Seven other Chinese teens suspected in the attacks have fled the country and the whereabouts of one juvenile suspect is unknown, according to Detective Joseph Sanchez of the sheriff’s Walnut/Diamond Bar station.
Yunyao “Helen” Zhai, Xinlei “John” Zhang and Yuhan, “Coco” Yang are scheduled to appear in Pomona Superior Court on Monday for a pre-trial hearing.
They remain in custody in lieu of $3 million bails each.
Two juveniles also were arrested for their roles in the attacks. A parent of one of them is being investigated for allegedly attempting to get one of the victims to change her story.
Prosecutors say the assault of 18-year-old Yiran “Camellia” Liu started outside an ice cream shop on the night of March 30 then moved to Rowland Heights Park.
An unpaid dinner bill and a dispute over a boy allegedly fueled the attack, according to the detective and defense attorneys.
Liu met a girl outside Honeymee ice cream shop on Colima Road to talk about the dinner bill. But the girl she met wasn’t alone. Several others later showed up, including Zhai, Zhang and Yang.
During the beating, Yang allegedly asked if Liu could just get the hell out of Los Angeles.
“Then she said, ‘No, you know, you shouldn’t — you should not be leaving Los Angeles because if you do, then it will be no fun for us. We can’t hit you anymore,” Liu testified in court.
The suspects allegedly took Liu’s cellphone and car keys, ordered her to kneel and apologize and told her to wipe cigarette butts and ice cream on the ground.
Liu testified in last month’s preliminary hearing that the suspects then drove her in her own car to Rowland Heights Park on Banida Avenue — in order to find more space and no cameras — and allegedly beat her for hours.
“They slapped her over 100 times, kicked her, cut her hair, made her get naked, burned her with cigarettes,” Deputy District Attorney Elizabeth Padilla said.
Liu said her attackers burned her nipples, hip and chest with cigarettes. They also cut her hair and ordered her to eat it. After the beating, Liu said Zhai asked her to give three of the girls a ride. She did, out of fear.
Some of the suspects downplayed the beatings, Sanchez said.
“It was voiced to me: ‘What’s the big deal? It happens in China all the time,’” he said.

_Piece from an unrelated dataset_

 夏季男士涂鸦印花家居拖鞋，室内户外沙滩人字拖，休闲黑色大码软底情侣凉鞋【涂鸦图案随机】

Many of the teens involved are parachute kids, a term applied to youngsters sent to the United States by their parents to get an education. Many live with host families, but sometimes with limited supervision.
“The parents are all well-meaning. They send the children here for an American education,” said Yang’s attorney Rayford Fountain.
He said part of the problem is that the children are not supervised while here.
Several of the students involved attend Oxford School, a private school in Rowland Heights, according to court documents, an investigator and defense attorneys.
Oxford school officials wouldn’t confirm if the victims and the five suspects charged are students.
“We have a zero tolerance for bullying and bad behavior which is why we expelled a student two years ago for her behavior. She has recently been in the news for an incident she was involved in during April. She is not our student and as we mentioned above, we expelled her from our school two years ago,” according to a statement from Oxford School.
Zhai, Zhang also are suspects in the March 27 beating of a 16-year-old girl at a shopping center on Fullerton Road in Rowland Heights. For that attack — allegedly sparked because one of the suspects felt disrespected — they were charged with kidnapping and assault by means likely to produce great bodily injury.
The two suspects who ended up in Juvenile Court have admitted to their roles.
Greg Risling, a spokesman for the Los Angeles County District Attorney’s Office, said a 16-year-old girl charged for the March 27 attack and a 17-year-old boy charged for both beatings were sentenced to juvenile camp.
Risling said the girl admitted on May 14 to one count of assault by means of force likely to produce great bodily injury and was sentenced the same day. He said the boy, who turned 18 in April, admitted to two counts of assault with a deadly weapon and was sentenced June 25. A sheriff’s investigator said both received nine months in juvenile camp.
Sanchez said the father of one of the juveniles showed up at the victim’s school on April 15 and was arrested on suspicion of trying to dissuade a witness. The man posted a $100,000 bond and was released. No word yet if he’s already been charged.